● Your goal
Reproduce the listing that follows in full. Omit its images.

● Data shown

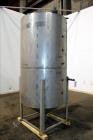 Used Tank, Approximate 700 Gallon, 304 Stainless Steel, Vertical. 48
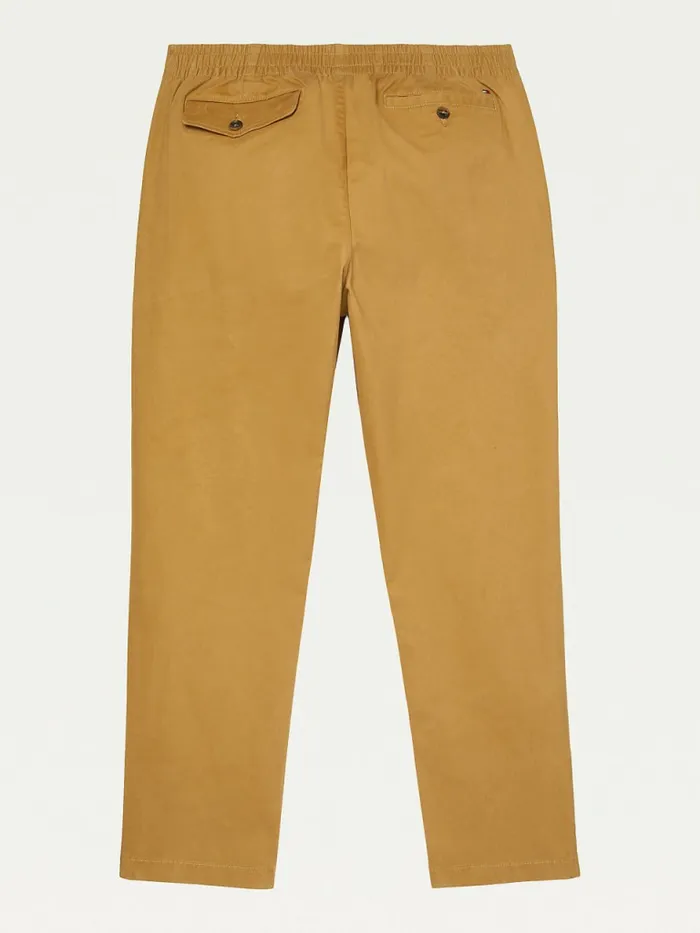 Tommy Hilfiger Adaptive Stretch Cotton Chinos Antique Bronze Mens Trousers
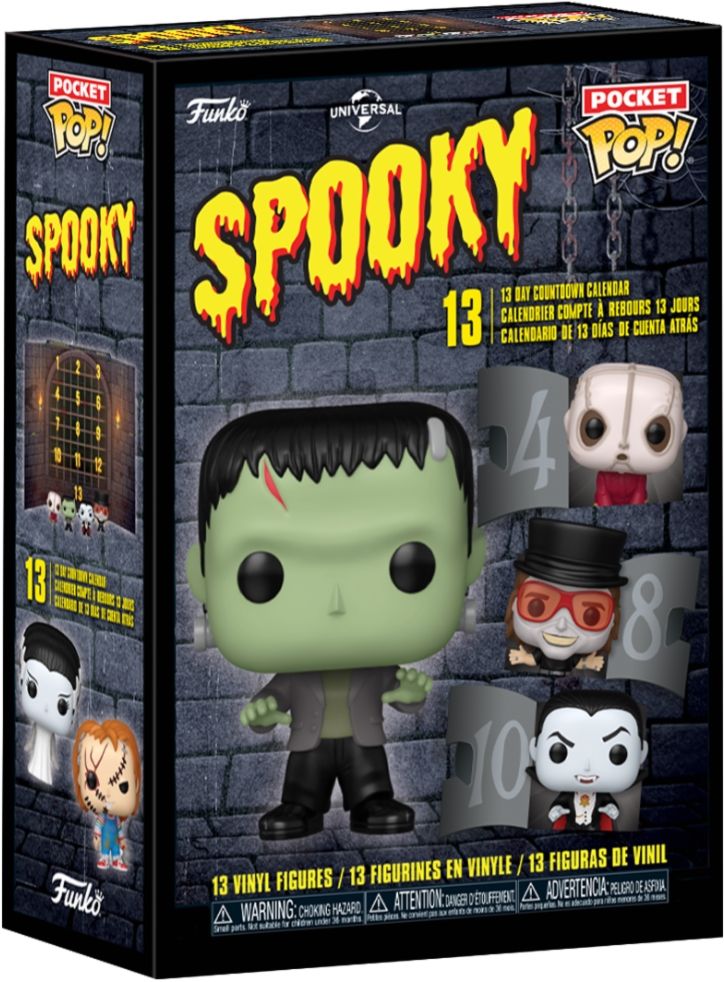 Merchandising Universal Monsters:  Pocket Pop - 13 Day Killer Kountdown NUOVO SIGILLATO EDIZIONE DEL SUBITO DISPONIBILE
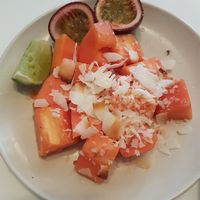 Papaya, passion fruit, toasted coconut and lime at Federal Cafe in Barcelona
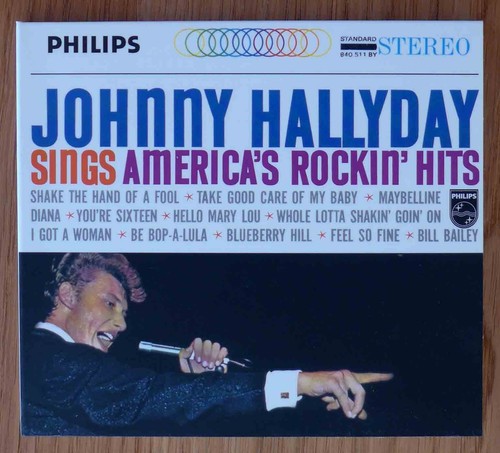 Johnny hallyday digipack - cd,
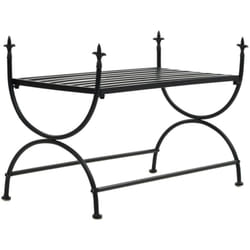 vidaXL Banc Style vintage Métal 83 x 42 x 55 cm Noir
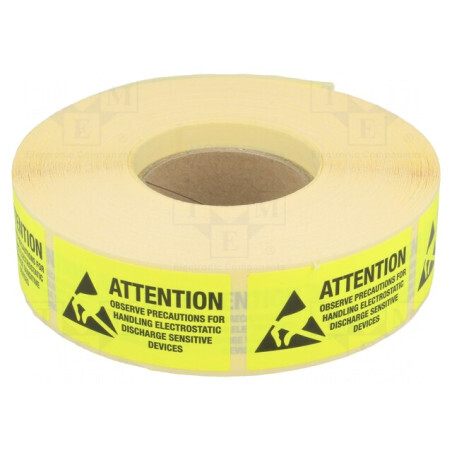 Etichetă Autoadezivă ESD 25x45mm 1000buc | Electronic-mag.ro | Componente Electronice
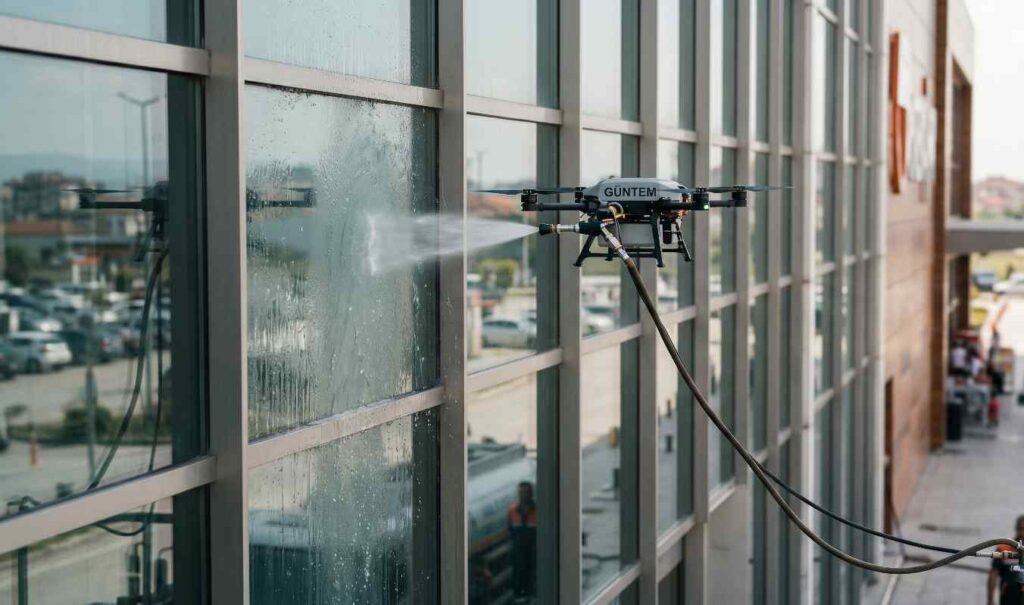 Drone ile Düzce dış cephe temizliği hizmetleri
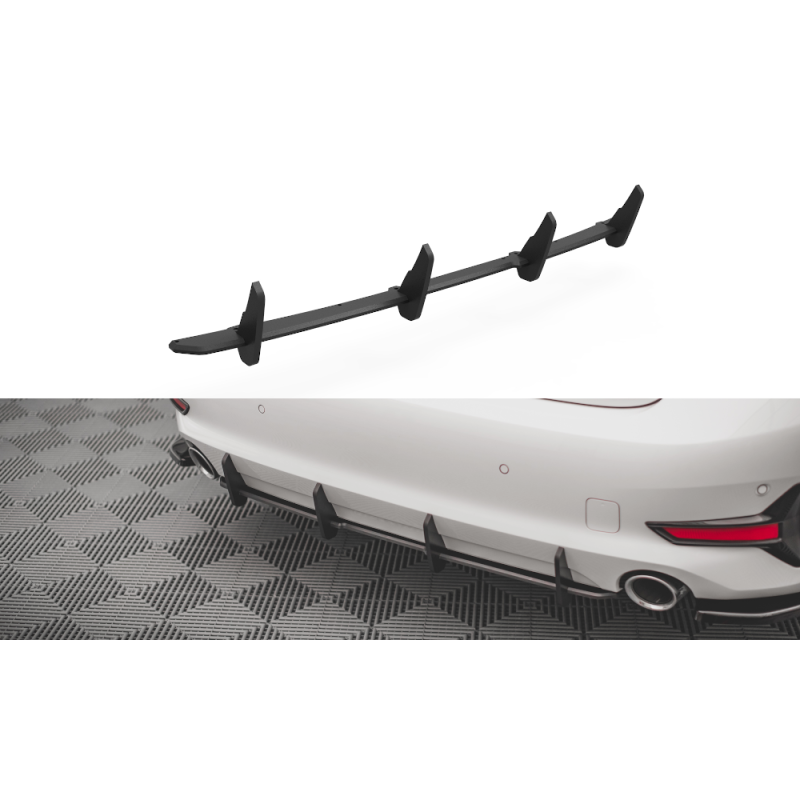 Street Pro Rear Diffuser BMW 3 G20 / G21 a 442,19 € uniw-BM320CNC-RS1B+BRBI*13402 chez CAROU TUNING
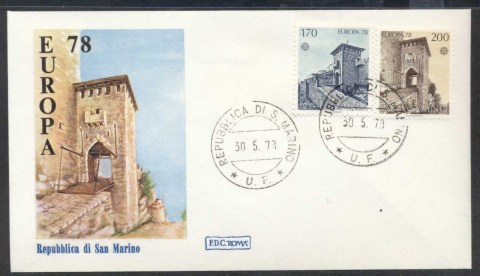 San-Marino-1978-Europa-Architecture-FDC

● The completed task
 Used Tank, Approximate 700 Gallon, 304 Stainless Steel, Vertical. 48
 Tommy Hilfiger Adaptive Stretch Cotton Chinos Antique Bronze Mens Trousers
 Merchandising Universal Monsters:  Pocket Pop - 13 Day Killer Kountdown NUOVO SIGILLATO EDIZIONE DEL SUBITO DISPONIBILE
 Papaya, passion fruit, toasted coconut and lime at Federal Cafe in Barcelona
 Johnny hallyday digipack - cd,
 vidaXL Banc Style vintage Métal 83 x 42 x 55 cm Noir
 Etichetă Autoadezivă ESD 25x45mm 1000buc | Electronic-mag.ro | Componente Electronice
 Drone ile Düzce dış cephe temizliği hizmetleri
 Street Pro Rear Diffuser BMW 3 G20 / G21 a 442,19 € uniw-BM320CNC-RS1B+BRBI*13402 chez CAROU TUNING
 San-Marino-1978-Europa-Architecture-FDC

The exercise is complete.